My "seasonal" duties are that, very true, seasonal, but there is always something going on at every season. Lawn care/landscaping is at least a weekly deal at our house, and in the colder months snow removal can be too. 

I'm really not trying to minimize her chores here. No, we don't ration childcare time either - that would be crazy. We just get the kids what they need. 

Some very good suggestions here though so far, and have given me things to think about.


----------



## Maricha75 (May 8, 2012)

Adex said:


> Lol it's funny how some of the women are basically already siding with his wife. Clearly, the OP is doing too much and the wife is doing too little, taking advantage of him, disrespecting him, and treating him like a child at times. But yes, let's support the wife in this situation.:smthumbup:


Well, since we have to keep score....

Me:
-All cooking, even when sick, except for those rare occasions when I am not home and the kids are hungry or he is.
-Laundry, I share responsibility with our 11 year old son.
-Dishes, again, our son and me, except for rare occasions when my husband does them.
-I help our daughter in the bath, my oldest helps the youngest boy (age 4)
-I get up with the kids every morning, including the two we babysit overnight.
-I tuck our daughter in every night, our youngest sleeps in our bed right now. (still trying to get him OUT)
-sweeping, mopping, vacuuming on me and our 11 year old.
-ALL shopping
-Budget (INCLUDING bill payments)
-ALL school related activities (communication with teachers, taking care of the kids' fundraising, taking them to the bus stop, picking them up from the bus stop, etc)


Husband:
-Pet care (includes feeding, bathing, walking, etc) is my husband
-Garbage is taken out by my husband, myself, or our son.


Kids:
-Kids clean their rooms
-Pick up papers, toys, etc around the house.

Now, are we going to continue the pissing contest? I jumped on the OP because of the balance of activities because I KNOW how much each thing he listed for his wife entails. He minimized it. He made her contributions seem insignificant. My husband and I don't have a car. The property management takes care of outdoor upkeep. Seasonal stuff is done by both of us. 

I am on disability, my husband is still fighting for his disability. As I said.... are we done with the pissing contest? :smthumbup:


----------



## KathyBatesel (Apr 26, 2012)

monkeyboy said:


> I was only trying to lay out here why the imbalance bothers me and wanted folks to know the specifics.
> 
> If we did do "scorekeeping," it would be something we'd do together.
> 
> ...


I understand that you don't think you're keeping score, but your list and your expectations reveal that you are, even if only in your thoughts. 

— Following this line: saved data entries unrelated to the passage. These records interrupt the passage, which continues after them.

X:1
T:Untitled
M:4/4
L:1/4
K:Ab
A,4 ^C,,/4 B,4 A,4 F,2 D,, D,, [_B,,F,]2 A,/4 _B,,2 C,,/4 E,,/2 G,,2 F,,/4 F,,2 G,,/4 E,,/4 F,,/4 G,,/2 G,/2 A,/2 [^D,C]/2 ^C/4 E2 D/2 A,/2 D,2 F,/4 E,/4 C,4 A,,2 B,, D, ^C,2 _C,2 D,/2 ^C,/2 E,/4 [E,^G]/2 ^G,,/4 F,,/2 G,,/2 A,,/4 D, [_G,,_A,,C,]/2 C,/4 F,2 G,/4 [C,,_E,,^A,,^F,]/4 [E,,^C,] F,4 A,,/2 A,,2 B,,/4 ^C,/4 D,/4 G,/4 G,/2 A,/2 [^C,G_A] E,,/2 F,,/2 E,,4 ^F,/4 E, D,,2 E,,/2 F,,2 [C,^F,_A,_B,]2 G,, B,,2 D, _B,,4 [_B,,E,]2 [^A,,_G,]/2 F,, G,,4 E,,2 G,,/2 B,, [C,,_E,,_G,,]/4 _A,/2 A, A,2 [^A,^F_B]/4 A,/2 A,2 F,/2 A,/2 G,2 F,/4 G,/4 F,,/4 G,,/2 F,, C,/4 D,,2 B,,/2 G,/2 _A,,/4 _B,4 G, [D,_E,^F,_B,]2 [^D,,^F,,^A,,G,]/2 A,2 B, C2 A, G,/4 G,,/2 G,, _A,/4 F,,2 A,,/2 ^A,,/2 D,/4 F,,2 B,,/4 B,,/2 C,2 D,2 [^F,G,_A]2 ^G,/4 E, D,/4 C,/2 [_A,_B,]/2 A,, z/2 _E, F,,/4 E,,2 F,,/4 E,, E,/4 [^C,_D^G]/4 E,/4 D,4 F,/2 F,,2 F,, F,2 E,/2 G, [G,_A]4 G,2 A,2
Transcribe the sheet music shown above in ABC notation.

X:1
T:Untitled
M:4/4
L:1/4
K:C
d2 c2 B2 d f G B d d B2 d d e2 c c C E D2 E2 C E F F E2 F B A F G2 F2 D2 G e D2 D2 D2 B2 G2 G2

It's good that you want to avoid passive-aggressive behavior. It wouldn't help anyway, and would only make matters worse. But I think that the housekeeping isn't the problem. It's a symptom, but not the "real" issue, much like when a person is ill. They may have a runny nose, but the real problem is a virus.

It sounds like the real issue is the power balance. You don't feel like you have enough influence and power in your relationship. She may be feeling the same, or else she is unwilling to give up the power she does have. In fact, I would bet that if you felt like she listened to you and tried to please you in general, you wouldn't think twice about whether you were doing more than her. 

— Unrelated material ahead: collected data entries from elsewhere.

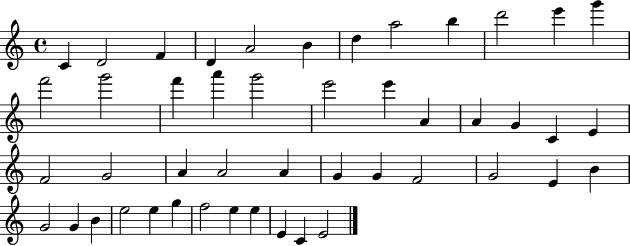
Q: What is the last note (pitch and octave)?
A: E4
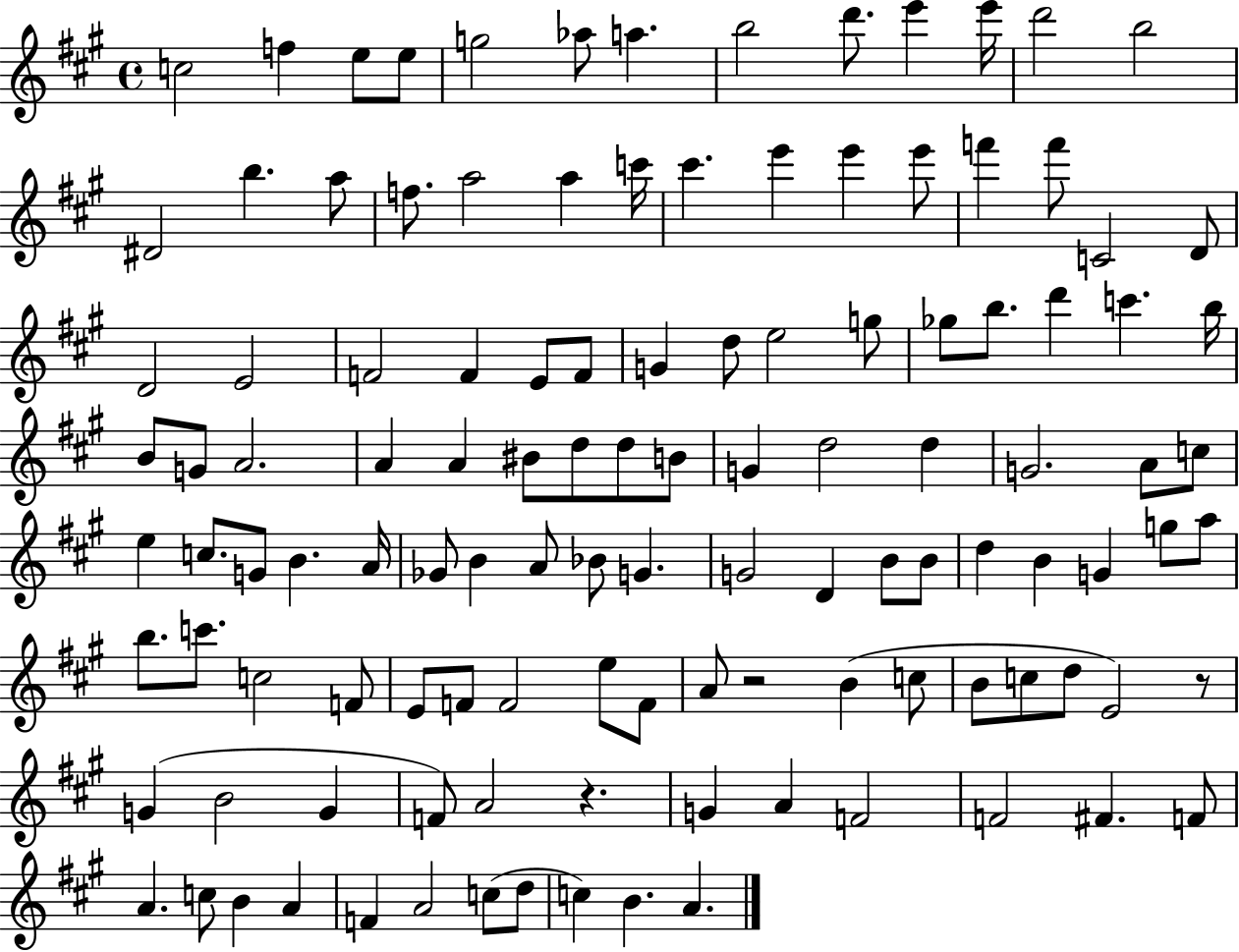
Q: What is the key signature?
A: A major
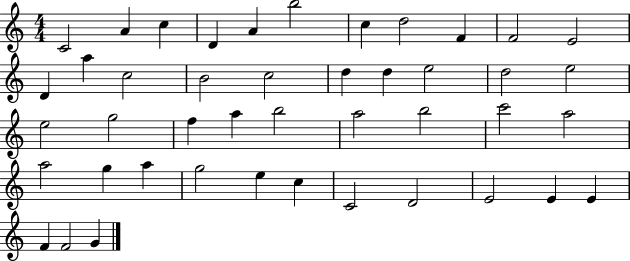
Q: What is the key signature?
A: C major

Every relationship goes through some predictable stages, although the scholars would define them in many different ways. Essentially, the couple starts with Attraction, moves to Attachment, gets hit by the Reality Stage, which leads to a Power Struggle Stage. During the power struggle stage, which you're going through, a couple must renegotiate who has what degree of power. If they're successful, they reach the Deep Intimacy stage. Many don't get there and instead, separate during the power struggle stage. It's simply too long and painful to go through this stage endlessly, and incompatible couples may be unable to ever resolve it. 

It's somewhat ironic that the only way for the power struggles to end in most relationships is for the more powerful person to surrender some of their need for power. This is why a powerless person who feels victimized suddenly discovers a change in the partner when they leave. The powerful person suddenly values the partner more than the power. This is the idea that is being used when people advise someone to "man up." 

When you're in a clearly "inferior" power position, it might require a power grab to force the issue. When this happens, the person with superior power will normally try to keep the status quo. They don't want to give up what they have! But if the inferior person holds out firmly, the superior partner will have to let go of power or make it clear that they won't, which allows the inferior power person to leave or give up their own power. 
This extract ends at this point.